Hence the question is: what are Occupiers’ beef against corporations, and why their quixotic preference for such losers as the inept, inefficient and stodgy welfare state to deliver what is important to society? Could it be that the reason they condemn the corporate economy and praise the welfare state is that
they are psychologically insecure with competing in the marketplace where they can get their asses kicked in spite of a (academically indulged) pretense that they’re good. Well one is not THAT good if he must seek solace for his wounds from the womb-like comforts of a nanny, which the welfare state is. The tragedy is that Occupiers do not see that they are ditching imperfect solutions that work in favor of worse ones that have failed miserably, as close to the definition of delusion as one can have.

What Their Real Problem Is: Externalizing Inner Failures

Three years ago a young man asked to talk to me one on one. Thinking that it had to do with his long put off marriage plans, I braced for some unanticipated news: an unplanned wedding, or worse a split. As soon as he sat down gravely on the couch, I sensed that this was a devastating issue, and indeed it was: his job would not be renewed the very next year when he and his fiancé had planned to finally marry. I sat down silently as I listened to him detail the reason for the painful news: that despite being a talented art teacher, well-liked by peers and adored by his students, the artist in him just was not up to the administrative and routine demands of the job. As I observed his face turn grim and his eyes shed tears of anger, frustration and fear, I fought hard to explain and reassure him that being fired was not the end of the world; how I, too, once faced such a disaster, which I overcame by acquiring more expertise than my “firers”, which facilitated my foray into opportunities far beyond what I could find working for others. After going through this human moment we knew that there were serious things we had to do; none of those was about blaming our immigrant fates or the society that gave us our breaks. It was all about coping with life’s challenges as best as we can, as they unfolded in all of their stark harshness.
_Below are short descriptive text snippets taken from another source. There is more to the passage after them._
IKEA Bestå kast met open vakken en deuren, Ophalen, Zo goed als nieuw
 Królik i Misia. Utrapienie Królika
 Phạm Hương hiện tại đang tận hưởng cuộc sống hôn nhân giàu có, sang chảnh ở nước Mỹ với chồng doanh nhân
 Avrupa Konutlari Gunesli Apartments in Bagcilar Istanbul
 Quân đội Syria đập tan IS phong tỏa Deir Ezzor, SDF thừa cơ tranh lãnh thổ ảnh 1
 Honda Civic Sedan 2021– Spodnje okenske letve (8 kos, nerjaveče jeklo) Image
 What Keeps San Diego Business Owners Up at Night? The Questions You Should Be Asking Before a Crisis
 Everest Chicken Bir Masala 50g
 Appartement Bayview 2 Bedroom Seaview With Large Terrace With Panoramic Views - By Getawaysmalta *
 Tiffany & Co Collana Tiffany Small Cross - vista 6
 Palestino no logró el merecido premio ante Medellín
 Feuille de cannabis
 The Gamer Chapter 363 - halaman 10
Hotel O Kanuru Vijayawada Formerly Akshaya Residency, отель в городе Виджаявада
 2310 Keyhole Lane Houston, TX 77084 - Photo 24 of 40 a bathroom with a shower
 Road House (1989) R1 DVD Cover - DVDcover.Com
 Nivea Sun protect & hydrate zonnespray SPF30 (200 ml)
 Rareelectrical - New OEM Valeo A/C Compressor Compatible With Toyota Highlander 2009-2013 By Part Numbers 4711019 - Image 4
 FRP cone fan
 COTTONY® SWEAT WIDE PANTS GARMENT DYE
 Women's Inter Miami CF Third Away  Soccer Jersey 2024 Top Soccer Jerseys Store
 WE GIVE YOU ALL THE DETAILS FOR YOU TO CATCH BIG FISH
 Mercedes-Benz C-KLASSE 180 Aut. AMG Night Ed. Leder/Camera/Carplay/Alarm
I wasn’t expecting to see how such an experience could be improved upon and surpassed by this young man who rose above this depressing episode, so well that in the span of less than three years, with a little less than a thousand dollars in seed money, he built a business that his peers now rate highly as an upcoming global sports art licensing and branding business, with fans from all corners of the world so rabid as to tattoo his art work on their bodies. Recently he capped this feat by co-branding and licensing his products to, and partnering as creative designer for, a leading US apparel firm that sells to 1,400 outlets. Looking at it now his dramatic turnaround owed mostly to personal discipline, adhesive-like perseverance, a refusal to get overwhelmed by lots of handicaps (we are outsiders), and a can-do spirit that drives him to excel amidst all odds. Instead of ending up as a loser he turned himself into a self-made entrepreneur who neither gave up nor depends on others for support, refusing to externalize his problems by blaming America for his share of life’s trials. Recently we had occasion to watch a rowdy O.W.S rally blaming the 1 % for their problems, and here is what he said: “I’m not the 1 %. I’m not the 99 %. I’m me, doing what I can to change the world”. I copyrighted and used it as the idea for this essay.

Other than the fact that terribly misguided can be useful in waking up society’s often moribund senses, there is not an iota of logic or fact to back up the O.W.S. positions, no matter how well meant and sincerely they are held. This is why they cannot come up with concrete proposals, and why they prefer to wallow in ambiguities, fearing that taking positions will force them to confront extremely painful realities, not the least being their conflicted inner selves. Why risk the embarrassment of a firm position when in vagueness one can indulge the airs of moral superiority? Could it be that this phenomenon called O.W.S. is the escapism of a bunch of badly raised losers who have succumbed to life’s vicissitudes and blamed America for their misfortunes?

Instead of wasting energy occupying idle real estate, why not build something concrete and useful on top of it?